**DATASET SECTION:**
***

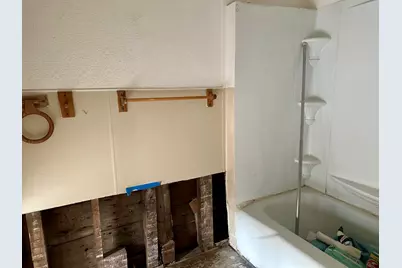 98 Winter Street, Gardiner, ME 04345 - Photo 32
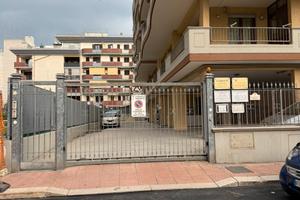 Area parcheggio posto auto Via Lucania C.so Italia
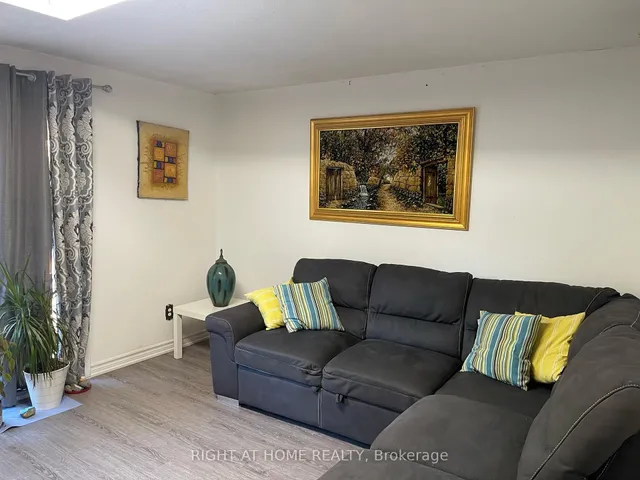 Additional image 14 of 72 Underhill Cres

***

**THE TASK:** Could you print the listing above word for word, without its pictures?

**SOLUTION TO THE EXERCISE:**
 98 Winter Street, Gardiner, ME 04345 - Photo 32
 Area parcheggio posto auto Via Lucania C.so Italia
 Additional image 14 of 72 Underhill Cres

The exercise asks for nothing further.